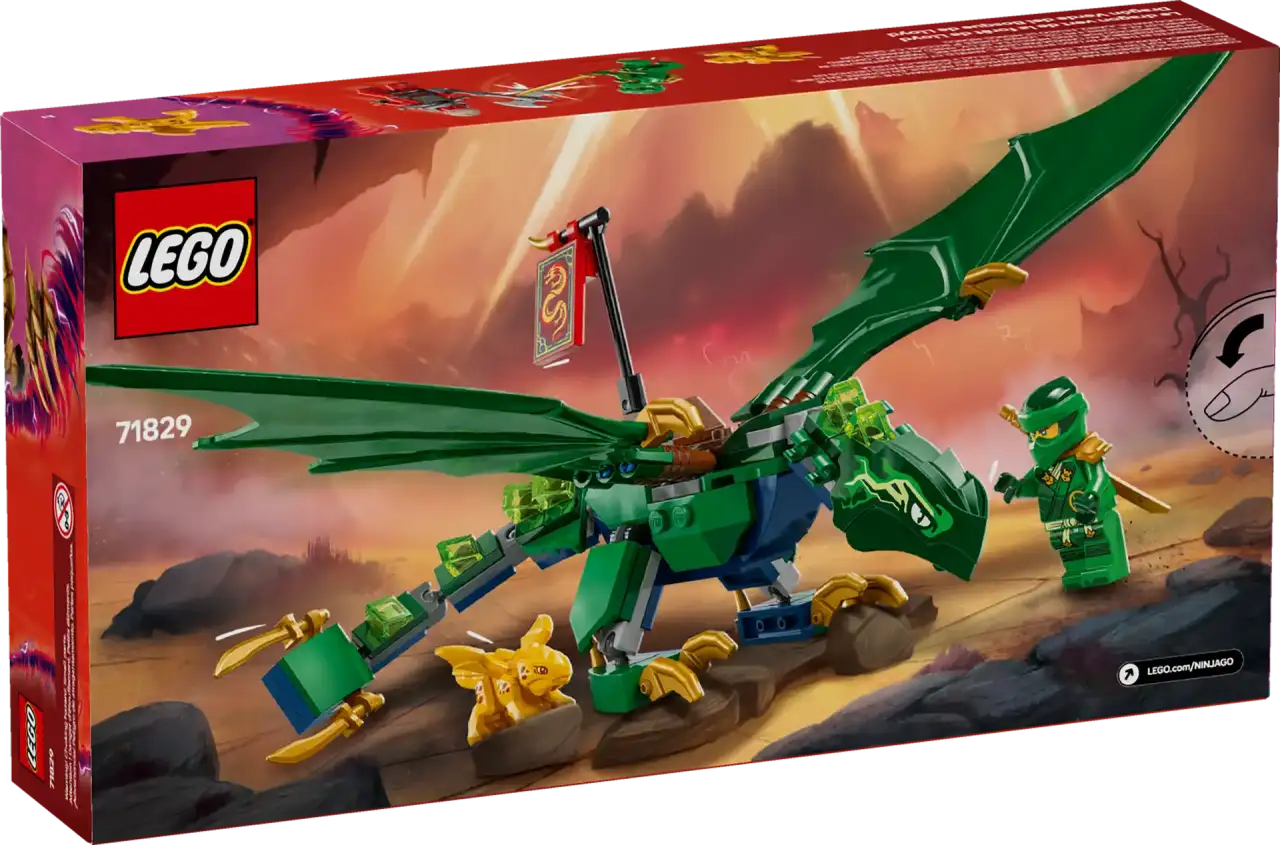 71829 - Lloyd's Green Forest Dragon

§

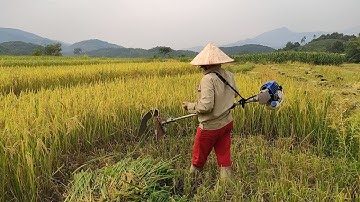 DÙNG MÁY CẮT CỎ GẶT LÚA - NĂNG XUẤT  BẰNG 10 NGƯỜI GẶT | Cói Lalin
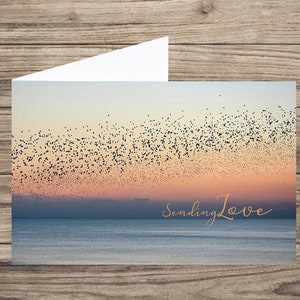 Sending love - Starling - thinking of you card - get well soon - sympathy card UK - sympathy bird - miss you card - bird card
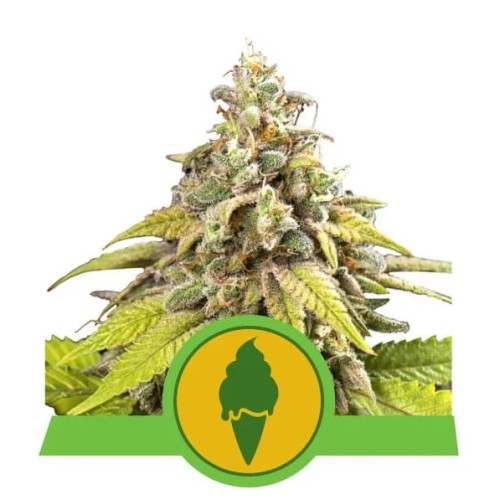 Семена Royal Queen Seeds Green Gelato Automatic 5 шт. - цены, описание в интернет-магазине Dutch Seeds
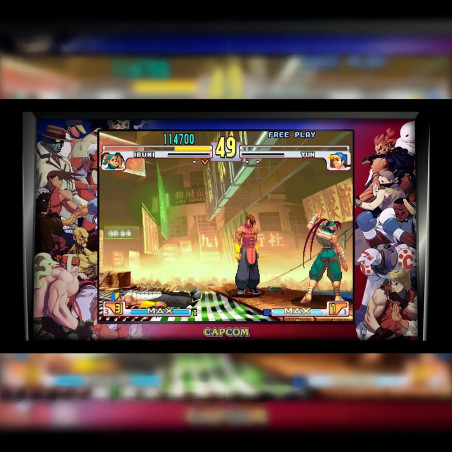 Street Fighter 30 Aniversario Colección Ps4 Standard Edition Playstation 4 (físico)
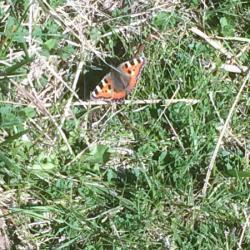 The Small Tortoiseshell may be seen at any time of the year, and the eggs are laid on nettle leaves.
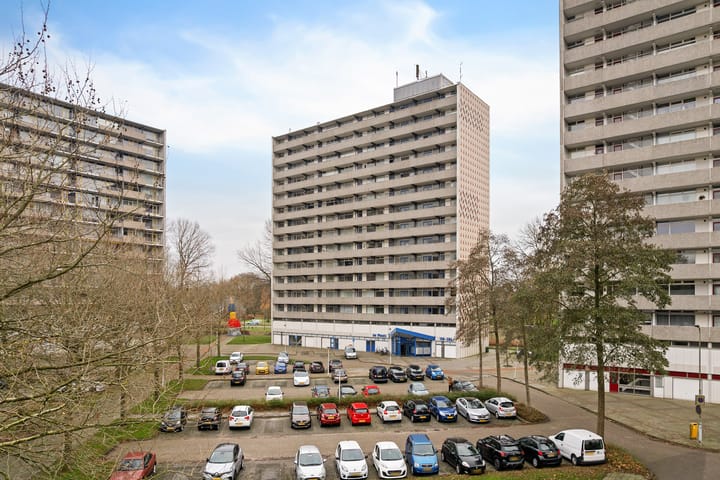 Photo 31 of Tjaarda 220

§

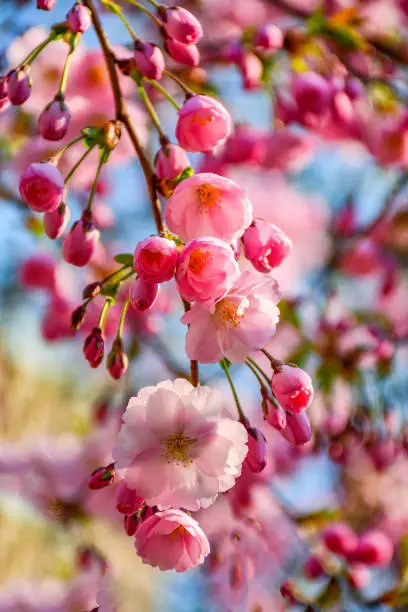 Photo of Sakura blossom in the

§

» Task brief: Above are some records. Reproduce the lines from the one with "Семена Royal Queen" down to the one with "Photo 31 of Tjaarda 220", keeping both, and leave every picture out.

» Answer to the exercise:
 Семена Royal Queen Seeds Green Gelato Automatic 5 шт. - цены, описание в интернет-магазине Dutch Seeds
 Street Fighter 30 Aniversario Colección Ps4 Standard Edition Playstation 4 (físico)
 The Small Tortoiseshell may be seen at any time of the year, and the eggs are laid on nettle leaves.
 Photo 31 of Tjaarda 220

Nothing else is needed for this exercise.